Assignment:
Skip the pictures, please, and write out exactly the lines from the opening of the data through the line containing "近世応用鉱物精義　増訂四版".
=== Section Start ===
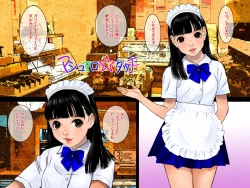 Page 2 of Marshmallow☆Touch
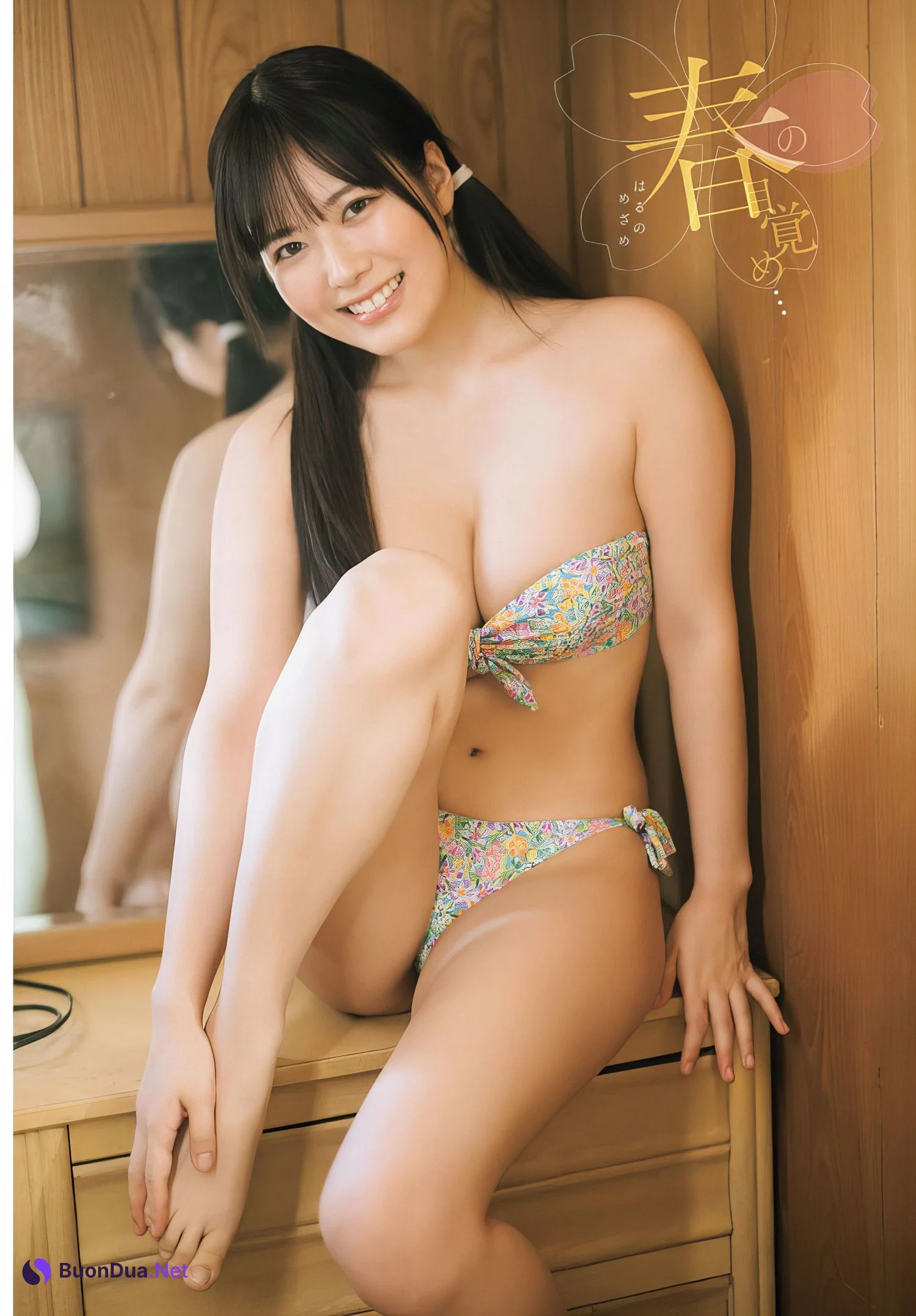 Umi Shinonome 東雲うみ, Shonen Champion 2024 No.15 (少年チャンピオン 2024年15号) - Photo 2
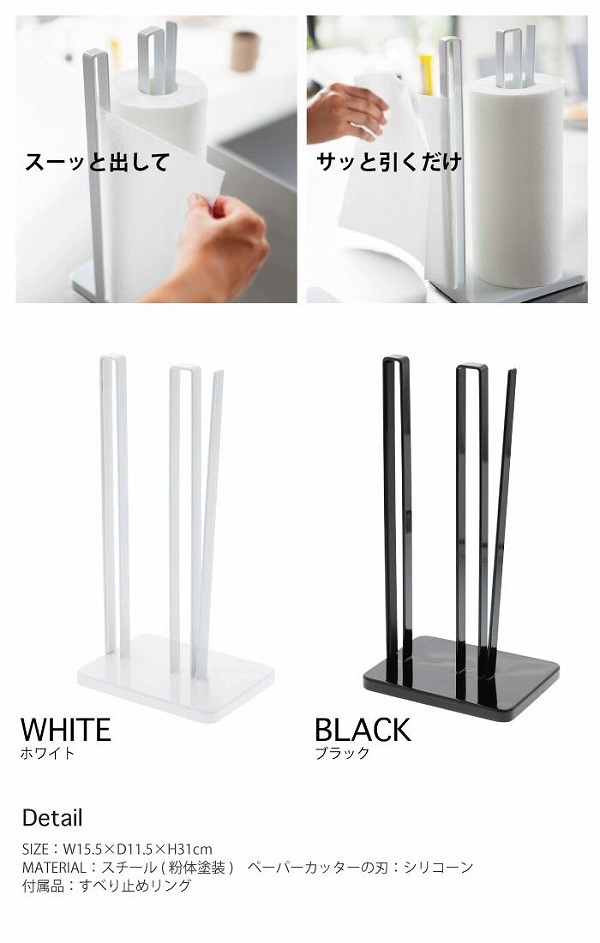 黒新品 one or eight KP Fold キッチンペーパー ホルダー 黒新品 one or eight KP Fold キッチンペーパー ホルダー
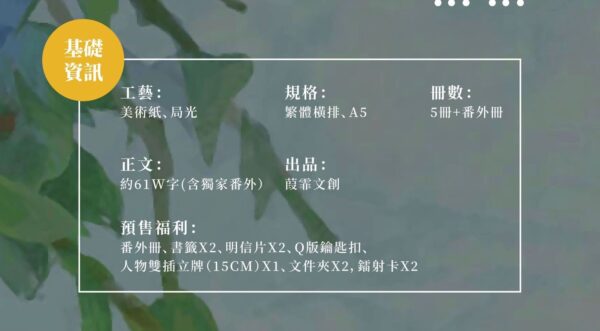 【現貨/赠加固包装】一個鋼蹦兒 | 一个钢镚儿 | 雙封典藏版 | 預售禮齊全 | 巫哲 | 葭霏 | 原耽 | 无删减 | BL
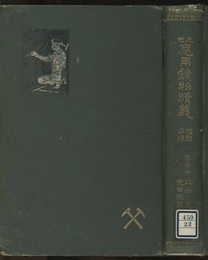 近世応用鉱物精義　増訂四版  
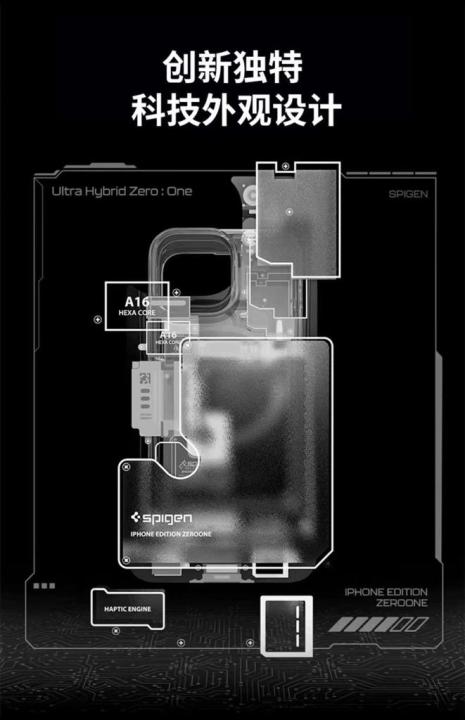 For%20Apple%20iPhone%2014%20Pro%20Max%20-%20Spigen%20Ultra%20Hybrid%20(MagFit)%20Zero%20One%20Phone%20Case%20Protective%20Designed%20Cover%20-%20Image%205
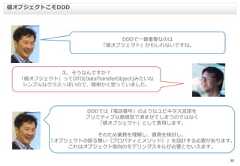 35値オブジェクトこそDDDDDDで一番重要なのは「値オブジェクト」かもしれないですね。え、そうなんですか？「値オブジェクト」ってDTO(DataTransferObject)みたいなシンプルなクラスっぽいので、簡単かと思っていました。DDDでは「電話番号」のようなユビキタス言語をプリミティブな数値型で済ませてしまうのではなく「値オブジェクト」として表現します。そのため業務を理解し、責務を検討し、「オブジェクトの振る舞い（プロパティとメソッド）」を設計する必要があります。これはオブジェクト指向のモデリングスキルが必要ともいえます。 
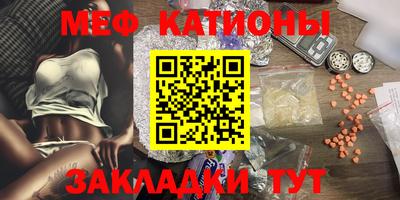 меф VHQ Нарткала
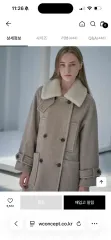 LOEUVRE ルーブル コート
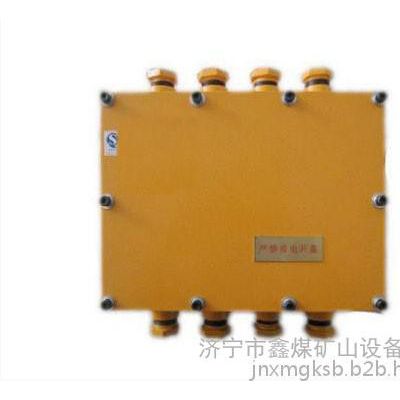 鑫煤xmKDG-127/3-4矿用隔爆兼本质安全型远程控制箱价格 欢迎订购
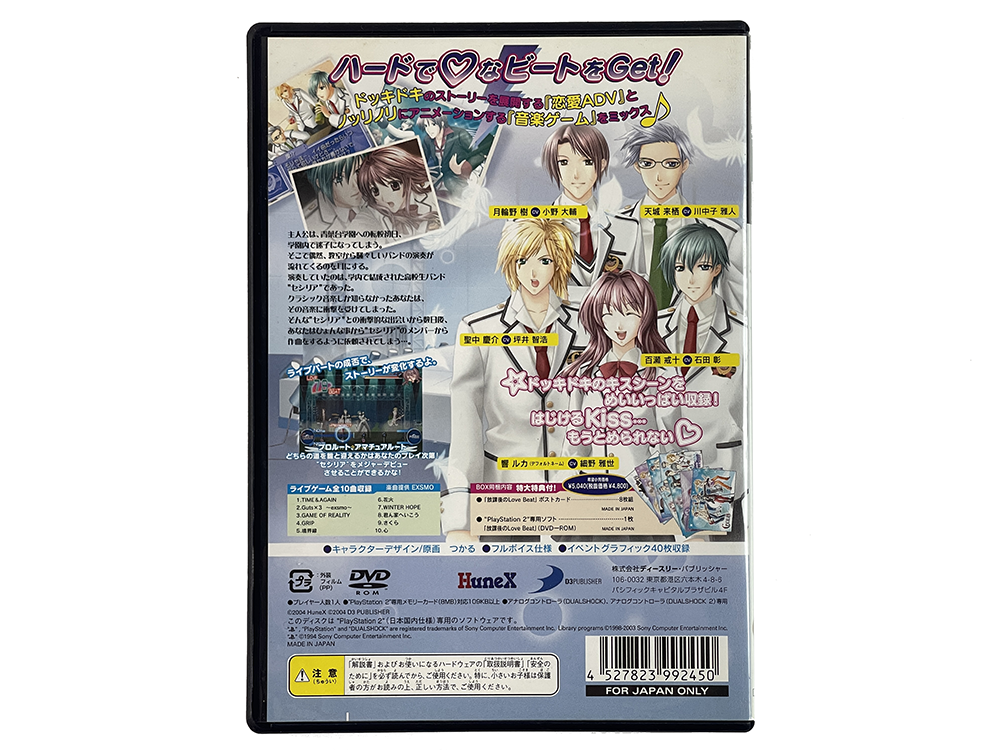 PS2 Houkago no Love Beat Limited Edition (JPN Ver)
=== Section End ===
Reply:
 Page 2 of Marshmallow☆Touch
 Umi Shinonome 東雲うみ, Shonen Champion 2024 No.15 (少年チャンピオン 2024年15号) - Photo 2
 黒新品 one or eight KP Fold キッチンペーパー ホルダー 黒新品 one or eight KP Fold キッチンペーパー ホルダー
 【現貨/赠加固包装】一個鋼蹦兒 | 一个钢镚儿 | 雙封典藏版 | 預售禮齊全 | 巫哲 | 葭霏 | 原耽 | 无删减 | BL
 近世応用鉱物精義　増訂四版  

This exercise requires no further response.